I am preparing for a Java exam and I am trying to understand operator precedence and compound assignment operators in depth. I played around with a few expressions which use compound assignment during the evaluation of an expression. However, I do not fully understand why these give the result that they do.
int a = 3, b = 0;
b += a *= (a *= (a *= 2));
// Result: a=54, b=54
What I expected:
//innermost expression evaluated first
//a = a * 2 = 6, so a assigned to 6; 6 returned
//Then next one is evaluated as:
//a = a * 6 = 36, so a assigned to 36; 36 returned
//The outermost expression evaluated as:
//a = 36 * 36 = 1296
//Finally, b = b + 1296, so b = 1296.
Instead, a = 54 is the answer.
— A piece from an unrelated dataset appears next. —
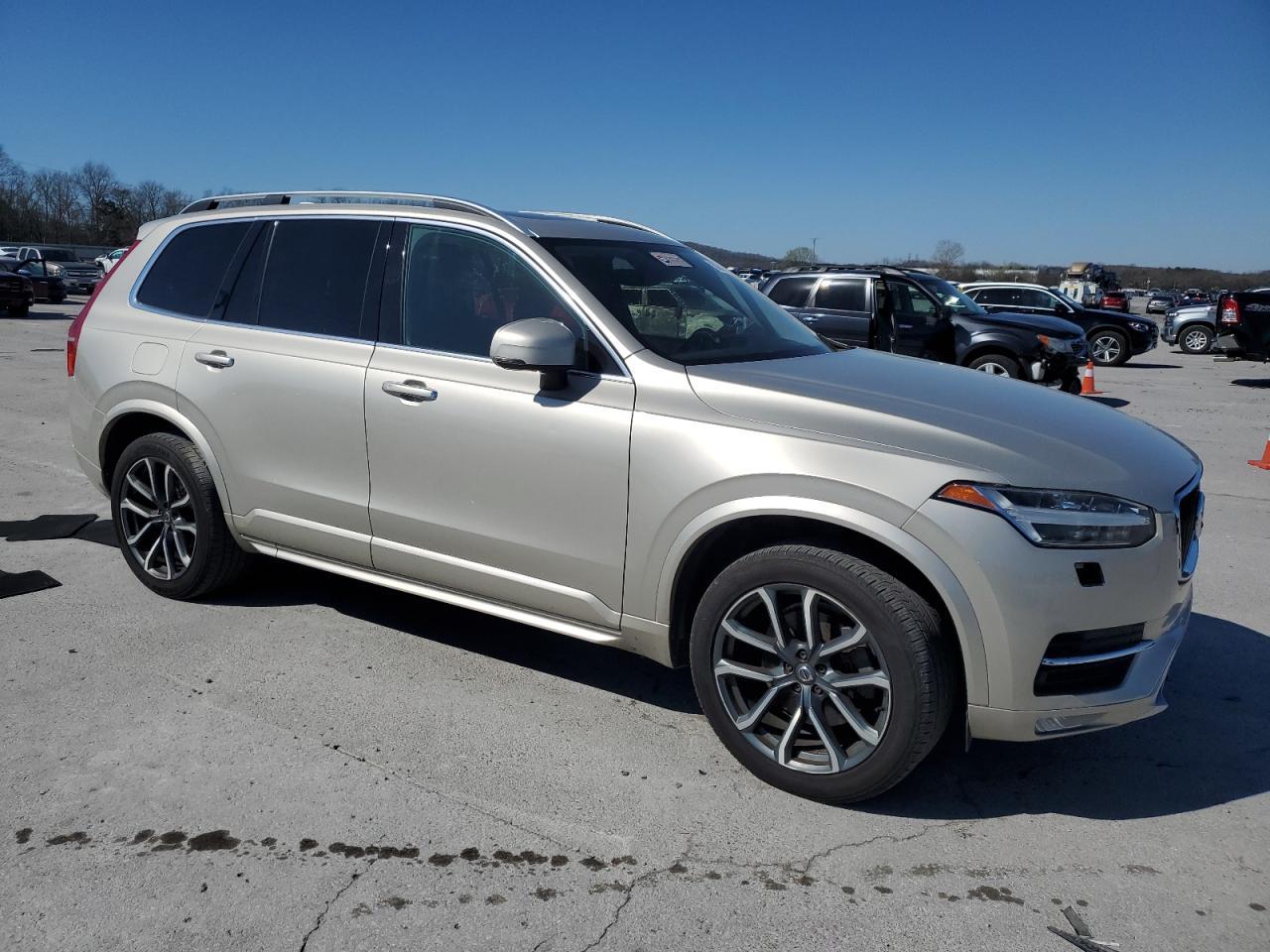 2016 VOLVO XC90 T6 - Image 4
So during all three evaluations of "a *= 2", the old value of a is used instead, so the final answer is a = 3 * 3 * 3 * 2 = 54.
However, this expression behaves differently:
int c = 1, d = 0;
d += (c *= 2) + (c *= 5) + (c += 100);
// Result: c=110, d=122
If here the old value of c was used we would end up with c = 101 and d = 108. Instead, we end up with c = 2 * 5 + 100 = 110; meaning that in each of those evaluations of "c *= ..", the new (updated) value of c was used each time.
Question: why in the first example the original value of a gets used in the compound assignments, but in the second example the updated value of c gets used?
According to §15.26.2. Compound Assignment Operators:
At run time, the expression is evaluated in one of two ways. [...]
- the value of the left-hand operand is saved and then the right-hand operand is evaluated
This explains the behavior for the first expression.
According to §15.18. Additive Operators:
The additive operators have the same precedence and are syntactically left-associative (they group left-to-right).
The Java programming language guarantees that the operands of operators appear to be evaluated in a specific evaluation order, namely, from left to right.
Thus, the second expression is evaluated from left to right and side effects of updating the variables occur in that order.